Variational Inference

( 이론 참고 : https://seunghan96.github.io/bnn )

( 코드 참고 : https://www.ritchievink.com/blog/2019/09/16/variational-inference-from-scratch/ )


1. Import Packages

Variational Inference 구현을 위한 주요 패키지들을 불러온다. ( Pytorch, Numpy … )

import torch
import torch.nn as nn
import torch.nn.functional as F
import torch.distributions as dist
import matplotlib.pyplot as plt
from dataclasses import dataclass
import numpy as np

GPU 사용 여부

  • torch.tensor( ).to(device)를 계속 사용하는 것을 피하기 위해

    Tensor = torch.cuda.FloatTensor를 사용한다.

cuda = True if torch.cuda.is_available() else False
Tensor = torch.cuda.FloatTensor if cuda else torch.FloatTensor

2. 가상 데이터 생성

아래와 같은 임의의 데이터를 생성한다.

  • Y_real : noise가 없는 Y
  • Y_noise : Y_real에 \(\epsilon \sim N(0,\sigma)\)의 noise가 낀 값
def func(x):
    return 0.2*np.power(x, 3)-2*np.power(x, 2+1)+8*x

n=10000
sigma=1.5

X = np.linspace(-3, 3, n)
Y_real = func(X)
Y_noise = (Y_real+np.random.normal(0,sigma,n))

데이터의 모양을 보면 아래와 같다.

plt.figure(figsize=(16, 6))
plt.scatter(X, Y_noise,s=0.1)

figure2

생성한 데이터를 tensor로 변환해준다.

X = Tensor(X).view(-1,1)
Y_real = Tensor(Y_real).view(-1,1)
Y_noise = Tensor(Y_noise).view(-1,1)

Train & Test split ( 8 : 2 )를 한다.

np.random.seed(1996)
val_idx = np.sort(np.random.choice(n, int(n*0.2),replace=False))
train_idx = np.array(list(set(np.arange(n))-set(val_idx)))

x_train,x_val = X[train_idx],X[val_idx]
y_train,y_val = Y_noise[train_idx],Y_noise[val_idx]

3. Train 함수

2가지 방법으로, 아래와 같이 각기 다른 모델을 생성할 것이다.

( 방법 1 ) MLE

- frequentists의 방법

- maximum likelihood estimator

- uncertatainty 측정 불가

- 우리가 흔히 loss function를 MSE로 잡는 방법

( 방법 2 ) Variational Regression

- Q를 사용해서 true posterior를 근사

\(Q*_{\theta}(y)\) = \(Q_*{\theta}\left(\mu, \operatorname{diag}\left(\sigma^{2}\right)\right)\).
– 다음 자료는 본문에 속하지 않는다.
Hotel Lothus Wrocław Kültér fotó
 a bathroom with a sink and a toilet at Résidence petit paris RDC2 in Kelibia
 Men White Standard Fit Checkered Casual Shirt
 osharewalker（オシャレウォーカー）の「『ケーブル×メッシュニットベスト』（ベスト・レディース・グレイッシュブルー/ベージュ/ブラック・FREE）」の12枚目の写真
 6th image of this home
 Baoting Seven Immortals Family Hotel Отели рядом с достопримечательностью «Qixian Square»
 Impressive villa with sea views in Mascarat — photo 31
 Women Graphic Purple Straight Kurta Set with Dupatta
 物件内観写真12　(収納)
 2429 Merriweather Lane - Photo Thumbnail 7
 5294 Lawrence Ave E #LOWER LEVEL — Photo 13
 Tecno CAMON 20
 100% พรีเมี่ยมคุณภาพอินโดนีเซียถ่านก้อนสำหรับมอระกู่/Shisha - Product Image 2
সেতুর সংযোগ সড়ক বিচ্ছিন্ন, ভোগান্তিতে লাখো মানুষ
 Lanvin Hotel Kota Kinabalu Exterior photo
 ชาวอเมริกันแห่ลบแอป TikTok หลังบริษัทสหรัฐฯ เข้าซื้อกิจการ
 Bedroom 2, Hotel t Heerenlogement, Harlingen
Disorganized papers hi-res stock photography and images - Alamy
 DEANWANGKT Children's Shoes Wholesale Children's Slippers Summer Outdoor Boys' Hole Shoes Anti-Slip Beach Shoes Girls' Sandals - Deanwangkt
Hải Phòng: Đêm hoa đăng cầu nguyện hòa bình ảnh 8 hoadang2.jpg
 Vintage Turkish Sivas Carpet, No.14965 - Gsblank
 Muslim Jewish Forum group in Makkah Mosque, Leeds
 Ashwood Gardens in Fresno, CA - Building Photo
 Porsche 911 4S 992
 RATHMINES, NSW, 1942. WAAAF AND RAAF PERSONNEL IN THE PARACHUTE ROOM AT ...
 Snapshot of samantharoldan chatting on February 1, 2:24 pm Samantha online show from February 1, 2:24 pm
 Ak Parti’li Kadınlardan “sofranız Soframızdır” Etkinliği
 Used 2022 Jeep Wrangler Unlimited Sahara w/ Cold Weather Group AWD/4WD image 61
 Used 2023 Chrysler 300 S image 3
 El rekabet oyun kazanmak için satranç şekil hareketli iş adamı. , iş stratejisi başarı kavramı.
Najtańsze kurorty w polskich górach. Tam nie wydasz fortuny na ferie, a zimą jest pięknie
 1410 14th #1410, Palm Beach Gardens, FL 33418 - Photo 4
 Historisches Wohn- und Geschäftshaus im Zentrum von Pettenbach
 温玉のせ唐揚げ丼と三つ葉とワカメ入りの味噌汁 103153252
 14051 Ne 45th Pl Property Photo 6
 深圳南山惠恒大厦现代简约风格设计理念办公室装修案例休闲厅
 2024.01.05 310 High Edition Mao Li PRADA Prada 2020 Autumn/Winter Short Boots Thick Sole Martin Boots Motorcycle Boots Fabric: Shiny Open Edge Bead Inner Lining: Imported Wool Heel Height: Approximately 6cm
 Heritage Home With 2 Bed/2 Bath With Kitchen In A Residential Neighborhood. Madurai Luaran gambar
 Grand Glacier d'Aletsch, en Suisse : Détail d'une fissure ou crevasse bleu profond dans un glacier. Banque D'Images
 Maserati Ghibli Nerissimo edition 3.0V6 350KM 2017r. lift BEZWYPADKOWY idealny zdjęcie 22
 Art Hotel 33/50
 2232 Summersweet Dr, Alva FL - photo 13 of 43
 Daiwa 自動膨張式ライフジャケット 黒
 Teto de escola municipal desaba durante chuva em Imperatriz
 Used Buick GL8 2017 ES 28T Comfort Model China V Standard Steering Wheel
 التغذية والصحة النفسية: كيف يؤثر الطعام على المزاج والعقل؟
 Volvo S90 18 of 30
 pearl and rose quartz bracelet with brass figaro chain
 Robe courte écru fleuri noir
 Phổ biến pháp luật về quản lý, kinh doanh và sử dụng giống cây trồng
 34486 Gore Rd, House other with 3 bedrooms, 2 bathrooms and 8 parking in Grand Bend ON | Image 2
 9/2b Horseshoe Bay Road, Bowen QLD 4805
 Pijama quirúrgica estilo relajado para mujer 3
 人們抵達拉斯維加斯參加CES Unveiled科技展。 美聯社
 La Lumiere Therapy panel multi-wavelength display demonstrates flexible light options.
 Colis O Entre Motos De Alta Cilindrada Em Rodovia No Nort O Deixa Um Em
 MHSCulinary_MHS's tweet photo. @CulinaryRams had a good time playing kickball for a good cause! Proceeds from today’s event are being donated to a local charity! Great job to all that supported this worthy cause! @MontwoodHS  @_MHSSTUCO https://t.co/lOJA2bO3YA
\[P(y)=\mathcal{N}(0,1)\] \[\left.Q(y \mid x)=\mathcal{N}\left(g*_{\theta}(x)_*{\mu}, \operatorname{diag}\left(g*_{\theta}(x)_*{\sigma^{2}}\right)\right)\right)\]

이 두 모델을 생성하여 학습시키는 공통적인 함수인 train을 아래와 같이 구현한다.

  • [INPUT] model , loss function, number of epochs, optimizer, datasets, print interval, type

    • type = 1 : ( 방법 1 ) MLE모델을 학습할 경우
    • type = 2 : ( 방법 2 ) Variational Regression모델을 학습할 경우

    ( MLE 모델을 사용하느냐, Variational Regression을 사용하느냐에 따라 손실함수 및 손실함수에 들어가는 input 또한 다르다 )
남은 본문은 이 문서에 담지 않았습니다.